Sunday, March 30, 2008
Amateur Review of 30 Days of Night
Before I forget what I thought about this movie which I saw the same weekend I watched this one, here are my thoughts:
30 Days of Night was released in October 2007. It stars Josh Hartnett and some chick named Melissa George. My husband really liked it. I, not so much.
I was distracted by a couple of things:
1. Josh was so GROWN. I mean, I know it has been a few years since Pearl Harbor and Black Hawk Down, but really... It was like seeing a cousin you hadn't seen in ages and still remember them as they were the last time you saw them.
2. Everyone, especially Melissa George who plays Josh's ex-wife, and the kid who plays Josh's brother needed a crate of Chap stick on their lips. Shit, I know they are in Alaska and it is friggin cold but keep that shit in your pocket and lube up your smackers once in a while.
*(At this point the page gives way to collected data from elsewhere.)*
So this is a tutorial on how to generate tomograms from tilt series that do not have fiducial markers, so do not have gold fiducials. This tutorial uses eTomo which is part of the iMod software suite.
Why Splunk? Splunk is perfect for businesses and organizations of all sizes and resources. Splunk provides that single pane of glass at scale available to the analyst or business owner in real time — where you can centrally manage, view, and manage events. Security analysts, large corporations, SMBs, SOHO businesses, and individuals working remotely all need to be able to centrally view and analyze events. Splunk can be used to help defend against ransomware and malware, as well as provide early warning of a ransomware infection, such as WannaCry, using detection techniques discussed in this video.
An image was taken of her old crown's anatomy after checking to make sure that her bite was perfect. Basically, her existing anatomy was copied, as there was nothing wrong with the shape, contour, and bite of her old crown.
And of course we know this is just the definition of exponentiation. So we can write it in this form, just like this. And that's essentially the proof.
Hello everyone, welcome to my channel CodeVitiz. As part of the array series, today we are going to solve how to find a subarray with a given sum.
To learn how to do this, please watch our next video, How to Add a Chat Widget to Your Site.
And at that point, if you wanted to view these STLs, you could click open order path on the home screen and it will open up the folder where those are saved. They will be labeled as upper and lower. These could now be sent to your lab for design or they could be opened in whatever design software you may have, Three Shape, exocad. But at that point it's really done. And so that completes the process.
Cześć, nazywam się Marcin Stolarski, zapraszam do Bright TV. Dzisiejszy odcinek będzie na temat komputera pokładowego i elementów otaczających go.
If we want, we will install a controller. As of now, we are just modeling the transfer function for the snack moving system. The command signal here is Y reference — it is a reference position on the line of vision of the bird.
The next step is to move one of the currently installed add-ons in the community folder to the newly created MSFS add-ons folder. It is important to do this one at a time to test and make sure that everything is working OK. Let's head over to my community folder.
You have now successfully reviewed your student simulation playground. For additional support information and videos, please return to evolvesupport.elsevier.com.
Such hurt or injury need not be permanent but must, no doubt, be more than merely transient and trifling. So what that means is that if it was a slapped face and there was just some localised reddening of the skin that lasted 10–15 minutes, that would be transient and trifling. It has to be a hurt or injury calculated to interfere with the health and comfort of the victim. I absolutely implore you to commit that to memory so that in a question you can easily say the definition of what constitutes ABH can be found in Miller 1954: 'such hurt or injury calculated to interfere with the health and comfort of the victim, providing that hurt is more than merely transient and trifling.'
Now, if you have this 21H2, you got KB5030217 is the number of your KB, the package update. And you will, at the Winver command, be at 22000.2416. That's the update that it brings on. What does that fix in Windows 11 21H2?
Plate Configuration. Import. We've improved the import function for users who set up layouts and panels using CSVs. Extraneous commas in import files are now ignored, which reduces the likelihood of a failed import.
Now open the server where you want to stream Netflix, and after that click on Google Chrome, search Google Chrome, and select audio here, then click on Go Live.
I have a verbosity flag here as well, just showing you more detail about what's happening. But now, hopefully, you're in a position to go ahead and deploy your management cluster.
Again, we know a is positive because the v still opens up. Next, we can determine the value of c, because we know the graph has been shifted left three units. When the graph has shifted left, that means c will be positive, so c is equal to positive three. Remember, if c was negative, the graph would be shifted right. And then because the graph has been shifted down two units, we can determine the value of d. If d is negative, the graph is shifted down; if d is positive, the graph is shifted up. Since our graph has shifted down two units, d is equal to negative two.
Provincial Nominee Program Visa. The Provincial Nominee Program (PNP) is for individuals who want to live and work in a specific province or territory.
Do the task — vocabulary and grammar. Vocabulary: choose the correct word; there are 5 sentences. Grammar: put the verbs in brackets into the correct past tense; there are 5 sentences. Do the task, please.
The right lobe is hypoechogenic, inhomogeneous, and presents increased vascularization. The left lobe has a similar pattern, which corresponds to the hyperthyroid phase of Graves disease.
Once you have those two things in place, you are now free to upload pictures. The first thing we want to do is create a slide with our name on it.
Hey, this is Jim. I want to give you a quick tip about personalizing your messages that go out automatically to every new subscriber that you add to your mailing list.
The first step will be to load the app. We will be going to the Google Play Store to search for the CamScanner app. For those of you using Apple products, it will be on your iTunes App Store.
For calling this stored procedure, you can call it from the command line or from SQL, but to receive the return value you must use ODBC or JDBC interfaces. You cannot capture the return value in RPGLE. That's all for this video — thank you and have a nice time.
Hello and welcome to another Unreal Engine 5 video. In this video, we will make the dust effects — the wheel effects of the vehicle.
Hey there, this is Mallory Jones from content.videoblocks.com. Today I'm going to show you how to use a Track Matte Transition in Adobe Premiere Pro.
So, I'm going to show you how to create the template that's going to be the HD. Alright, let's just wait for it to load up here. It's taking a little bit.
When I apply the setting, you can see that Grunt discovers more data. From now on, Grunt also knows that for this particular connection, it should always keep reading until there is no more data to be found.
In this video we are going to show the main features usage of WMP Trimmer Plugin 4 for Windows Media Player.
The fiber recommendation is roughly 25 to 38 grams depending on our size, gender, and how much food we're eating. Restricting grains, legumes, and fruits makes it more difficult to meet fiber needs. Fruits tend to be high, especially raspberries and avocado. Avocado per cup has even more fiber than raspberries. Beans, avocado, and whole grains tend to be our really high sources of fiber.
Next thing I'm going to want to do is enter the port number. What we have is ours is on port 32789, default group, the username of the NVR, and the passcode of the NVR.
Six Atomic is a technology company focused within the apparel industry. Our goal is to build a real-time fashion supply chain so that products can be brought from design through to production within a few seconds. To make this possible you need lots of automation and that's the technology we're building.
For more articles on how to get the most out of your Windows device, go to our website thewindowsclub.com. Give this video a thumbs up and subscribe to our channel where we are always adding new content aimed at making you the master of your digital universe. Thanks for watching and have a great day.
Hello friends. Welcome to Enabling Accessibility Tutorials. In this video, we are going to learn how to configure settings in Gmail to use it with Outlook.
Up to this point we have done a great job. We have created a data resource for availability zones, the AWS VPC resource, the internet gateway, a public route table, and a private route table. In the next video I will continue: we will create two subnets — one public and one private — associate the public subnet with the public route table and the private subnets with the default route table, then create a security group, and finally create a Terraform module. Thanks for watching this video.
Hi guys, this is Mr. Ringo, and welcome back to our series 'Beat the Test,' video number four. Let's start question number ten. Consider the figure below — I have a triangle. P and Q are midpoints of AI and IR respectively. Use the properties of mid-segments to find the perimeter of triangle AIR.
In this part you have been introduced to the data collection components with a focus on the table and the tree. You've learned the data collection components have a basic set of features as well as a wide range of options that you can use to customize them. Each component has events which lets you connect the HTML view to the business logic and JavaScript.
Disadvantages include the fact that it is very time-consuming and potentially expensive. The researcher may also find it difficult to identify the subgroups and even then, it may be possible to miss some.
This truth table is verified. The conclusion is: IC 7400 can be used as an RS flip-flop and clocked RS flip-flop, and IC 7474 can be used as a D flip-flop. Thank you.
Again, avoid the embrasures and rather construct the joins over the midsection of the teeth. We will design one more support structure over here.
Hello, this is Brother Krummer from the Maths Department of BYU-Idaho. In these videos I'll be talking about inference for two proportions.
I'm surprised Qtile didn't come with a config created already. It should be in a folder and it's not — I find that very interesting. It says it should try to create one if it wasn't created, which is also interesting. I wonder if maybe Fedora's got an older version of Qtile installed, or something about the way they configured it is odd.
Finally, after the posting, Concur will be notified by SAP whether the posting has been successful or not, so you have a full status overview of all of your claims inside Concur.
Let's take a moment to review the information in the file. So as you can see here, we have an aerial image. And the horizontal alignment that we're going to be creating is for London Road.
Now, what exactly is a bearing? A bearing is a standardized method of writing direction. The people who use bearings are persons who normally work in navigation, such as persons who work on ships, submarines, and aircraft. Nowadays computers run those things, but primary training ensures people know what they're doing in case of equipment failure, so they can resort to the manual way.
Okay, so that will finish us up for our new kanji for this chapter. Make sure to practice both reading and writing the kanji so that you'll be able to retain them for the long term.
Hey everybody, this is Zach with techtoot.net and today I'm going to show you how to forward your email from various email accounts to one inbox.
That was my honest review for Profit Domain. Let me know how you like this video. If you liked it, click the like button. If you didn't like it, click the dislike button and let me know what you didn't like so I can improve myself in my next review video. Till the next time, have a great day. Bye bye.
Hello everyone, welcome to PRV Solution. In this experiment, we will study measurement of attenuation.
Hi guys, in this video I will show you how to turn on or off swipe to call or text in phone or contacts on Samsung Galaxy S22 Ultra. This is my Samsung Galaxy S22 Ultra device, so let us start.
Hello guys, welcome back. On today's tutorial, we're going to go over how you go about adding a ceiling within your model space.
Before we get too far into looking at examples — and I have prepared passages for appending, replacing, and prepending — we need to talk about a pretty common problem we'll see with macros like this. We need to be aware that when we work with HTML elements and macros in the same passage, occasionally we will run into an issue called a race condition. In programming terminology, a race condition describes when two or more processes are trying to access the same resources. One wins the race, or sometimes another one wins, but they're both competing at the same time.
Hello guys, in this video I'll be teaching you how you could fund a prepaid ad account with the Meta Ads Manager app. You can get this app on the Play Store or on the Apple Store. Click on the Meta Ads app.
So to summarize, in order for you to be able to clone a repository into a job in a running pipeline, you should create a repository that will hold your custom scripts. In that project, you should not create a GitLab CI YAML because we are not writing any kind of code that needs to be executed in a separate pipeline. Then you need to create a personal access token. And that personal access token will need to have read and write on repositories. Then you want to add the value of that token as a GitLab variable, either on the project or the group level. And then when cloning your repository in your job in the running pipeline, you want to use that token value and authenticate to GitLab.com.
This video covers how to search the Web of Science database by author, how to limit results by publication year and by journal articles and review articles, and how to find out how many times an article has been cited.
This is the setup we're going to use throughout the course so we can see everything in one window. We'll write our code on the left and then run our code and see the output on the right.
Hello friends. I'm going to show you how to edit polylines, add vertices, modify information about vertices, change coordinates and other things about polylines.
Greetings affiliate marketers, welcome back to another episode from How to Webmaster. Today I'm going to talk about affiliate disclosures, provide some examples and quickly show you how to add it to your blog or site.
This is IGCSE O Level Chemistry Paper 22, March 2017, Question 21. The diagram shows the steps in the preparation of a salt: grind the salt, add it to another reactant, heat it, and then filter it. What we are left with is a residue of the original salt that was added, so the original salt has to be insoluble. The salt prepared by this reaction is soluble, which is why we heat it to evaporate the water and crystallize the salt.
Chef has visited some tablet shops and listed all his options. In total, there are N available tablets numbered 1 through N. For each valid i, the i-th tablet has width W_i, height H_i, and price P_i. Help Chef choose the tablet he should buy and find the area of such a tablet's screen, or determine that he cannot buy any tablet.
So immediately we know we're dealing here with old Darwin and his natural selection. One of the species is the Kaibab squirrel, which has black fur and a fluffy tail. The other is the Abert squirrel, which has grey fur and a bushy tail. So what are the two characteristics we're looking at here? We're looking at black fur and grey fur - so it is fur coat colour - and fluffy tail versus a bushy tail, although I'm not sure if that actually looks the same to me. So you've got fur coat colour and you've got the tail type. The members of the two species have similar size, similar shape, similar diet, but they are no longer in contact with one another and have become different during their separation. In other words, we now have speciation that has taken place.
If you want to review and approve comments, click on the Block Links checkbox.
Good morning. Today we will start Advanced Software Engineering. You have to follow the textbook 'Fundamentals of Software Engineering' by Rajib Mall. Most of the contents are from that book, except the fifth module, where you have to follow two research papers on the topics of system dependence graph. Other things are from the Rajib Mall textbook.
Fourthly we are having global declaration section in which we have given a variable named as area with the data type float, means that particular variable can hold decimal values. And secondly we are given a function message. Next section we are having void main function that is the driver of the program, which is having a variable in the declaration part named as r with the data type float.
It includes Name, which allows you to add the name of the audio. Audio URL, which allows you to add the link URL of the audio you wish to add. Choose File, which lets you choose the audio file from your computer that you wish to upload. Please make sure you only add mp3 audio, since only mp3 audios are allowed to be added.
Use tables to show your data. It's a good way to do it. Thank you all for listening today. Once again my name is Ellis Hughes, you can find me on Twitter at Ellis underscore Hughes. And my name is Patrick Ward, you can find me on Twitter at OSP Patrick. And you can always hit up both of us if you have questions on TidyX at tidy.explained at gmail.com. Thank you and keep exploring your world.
3. The Vampires (oh yeah it's a movie about Vampires, I left that out didn't I), where just weird. The head guy, Marlow is like the unpopular, geeky, middle age guy in the next cubicle at work that you have to say hi to but gives you the creeps. Marlow speaks in a weird, ancient language and the other vampires just shriek. Annoying.
Back to the movie...
Josh is a sheriff and this weird dude (Ben Foster - who I remember from Six Feet Under as Claire art friend. Remember him?) comes ashore and starts creating havoc just as the town is shutting down for the 30 days of night. All hell breaks lose. He leads a group of survivors to a hidden attic where they will wait out the darkness.
There is dead dogs, beheading, blood galore, screaming, explosions, shrieking, feeding frenzies, ax murder, and a little vampire girl who is happily feeding on someone before she is killed. Even at the final show down I was waiting for the Lost Boys music to kick in.
None of this is enough for me to give this movie any more than a C+ and that is because I thought Josh was cute. The premise was good but the acting and directing were pathetic and the there were too many images of bloody children for my taste.